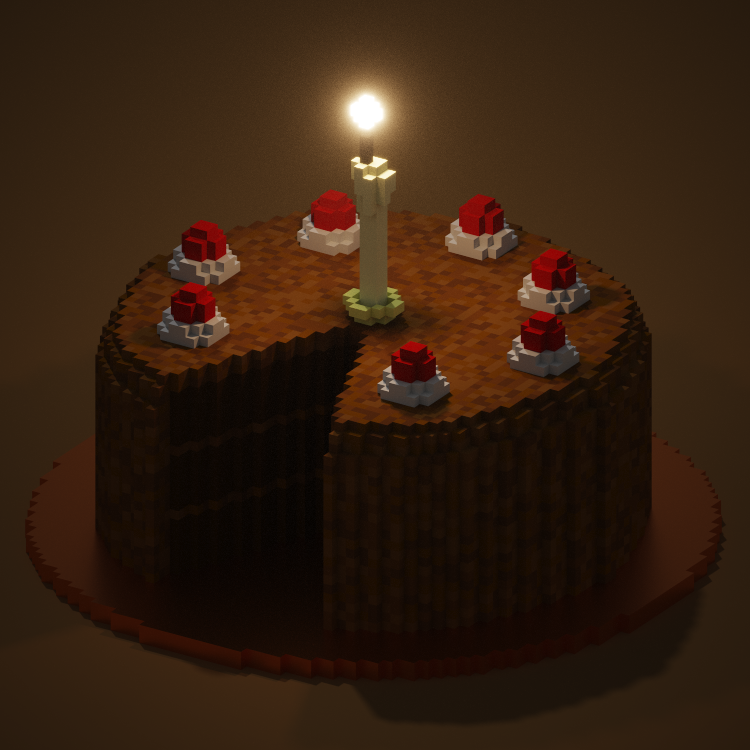 Alcoro13's tweet photo. #Voxtober day 31: celebrate! | Uh oh. Somebody cut the cake. I told them to wait for you, but they did it anyway. There is still some left, though, if you hurry.

P.S. Voxtober was so much fun! I really enjoyed it. ^_^

#voxelart #magicavoxel #voxeldailies 
@VoxelDailies https://t.co/G48y8CyMIA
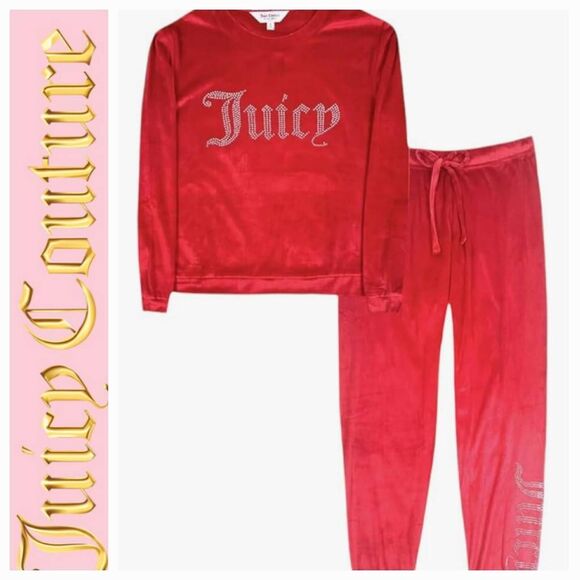Juicy Couture Rhinestone Logo Velour L/S PJ Set- Red Corvette - Picture 1 of 6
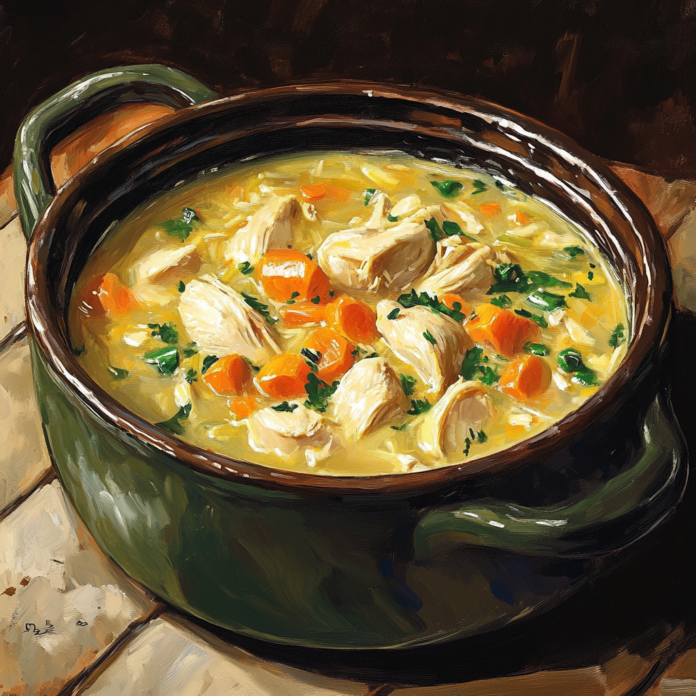 Illustration of a bowl of chicken soup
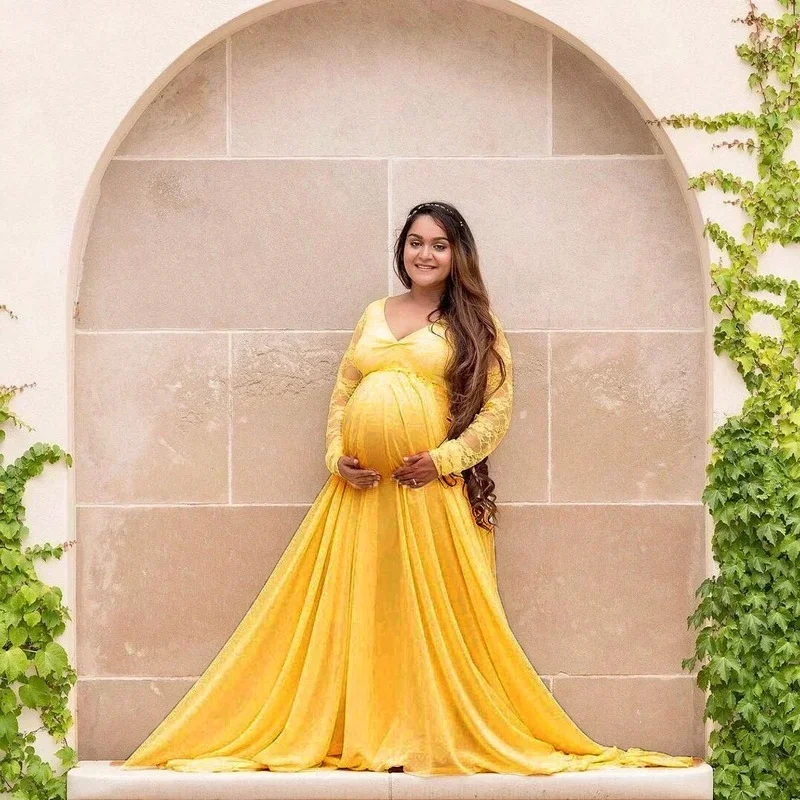 

Pregnancy Dress Photo Shoot Maternity Dresses for Baby Showers Full Sleeve Maternity Gown Photography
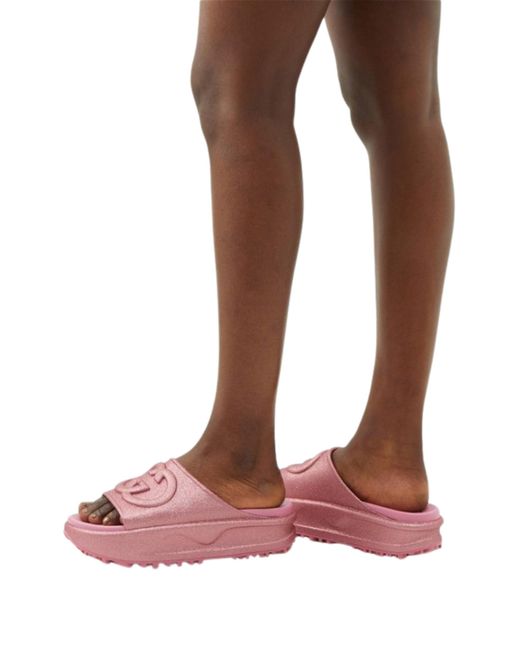 Gucci Miami GG-Embossed Glittered Rubber Slides in Pink | Lyst UK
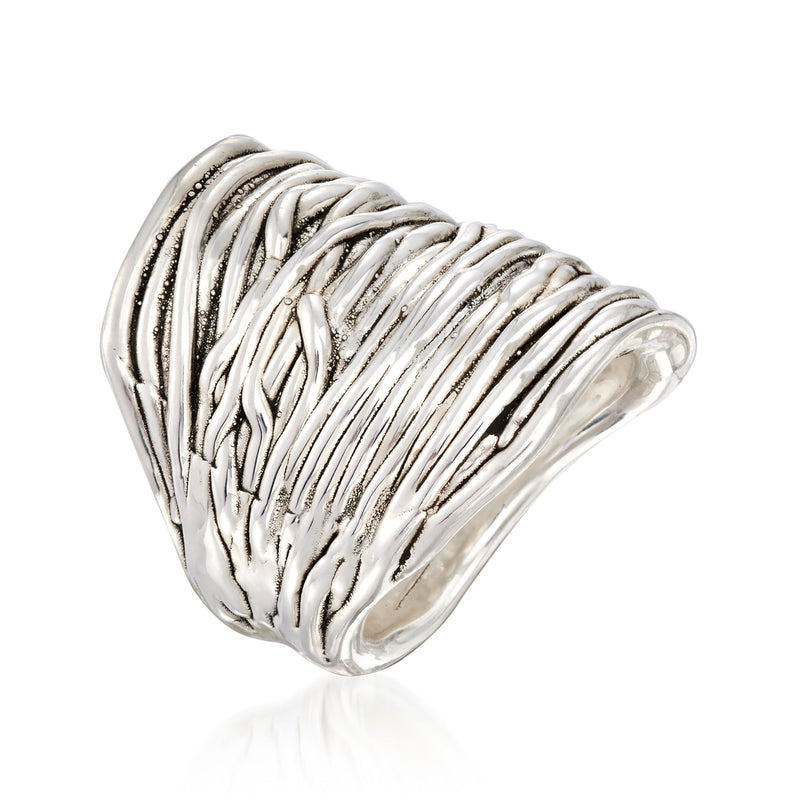 Sterling silver wrap ring with ribbed wave rows, curved wide band, polished shine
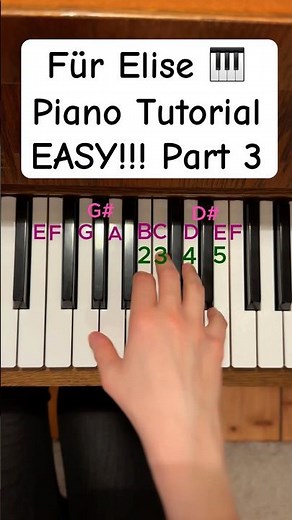 Für Elise 🎹 Super Easy Piano Tutorial 🎶 Part 3 #pianotutorial #fürelise #piano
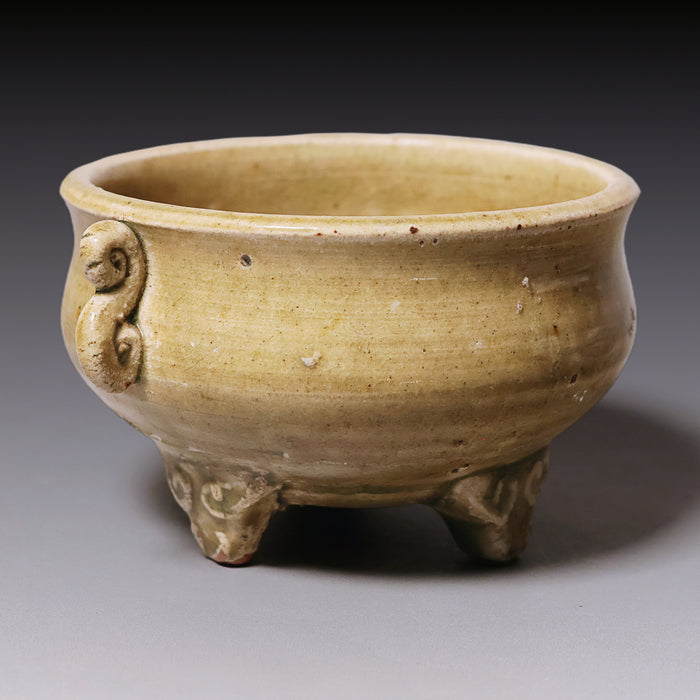 Qing Dynasty, Glazed Tripod Incense Burner with Handles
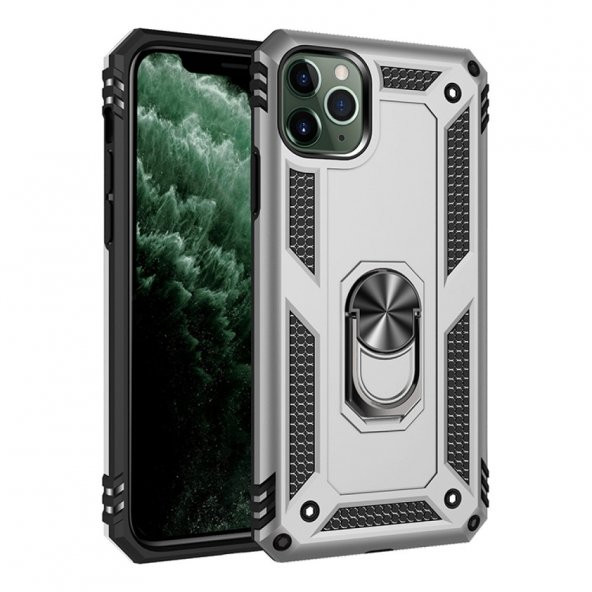 iPhone 11 Pro Kılıf Sofya Yüzüklü Standlı Silikon Kılıf - 7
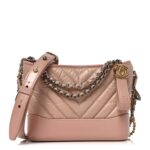 Aged Calfskin Chevron Quilted Small Gabrielle Hobo Pink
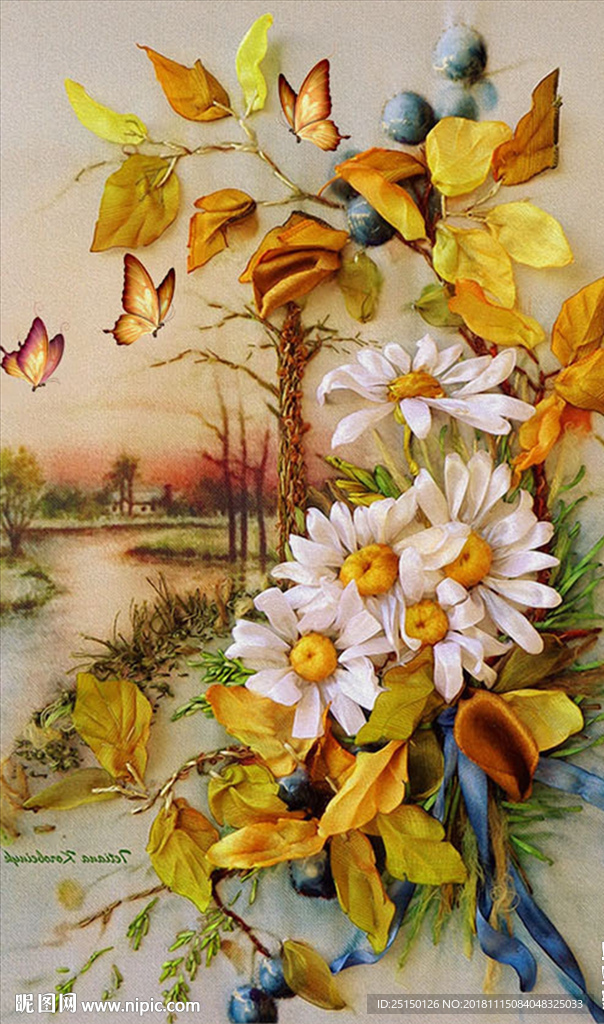 中式唯美浮雕花卉蝴蝶装饰画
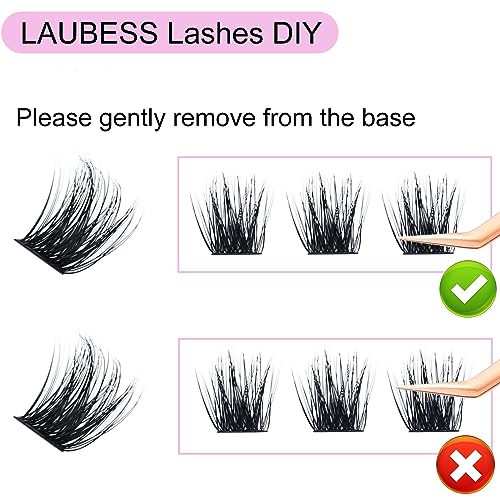 Image of Individual Lashes 72 Cluster Lashes Mixed Tray Volume Eyelash Clusters DIY Lash Extension Kit Soft Lash Clusters Fluffy Mink Cluster Eyelash Extensions (03-0.07C, 9-16mm)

^^^^

PROBLEM REQUIREMENTS. Reproduce exactly, with no pictures, the lines above from the one holding "Juicy Couture Rhinestone" to the one holding "Sterling silver wrap", inclusive.

EXERCISE ANSWER.
Juicy Couture Rhinestone Logo Velour L/S PJ Set- Red Corvette - Picture 1 of 6
 Illustration of a bowl of chicken soup

Pregnancy Dress Photo Shoot Maternity Dresses for Baby Showers Full Sleeve Maternity Gown Photography
 Gucci Miami GG-Embossed Glittered Rubber Slides in Pink | Lyst UK
 Sterling silver wrap ring with ribbed wave rows, curved wide band, polished shine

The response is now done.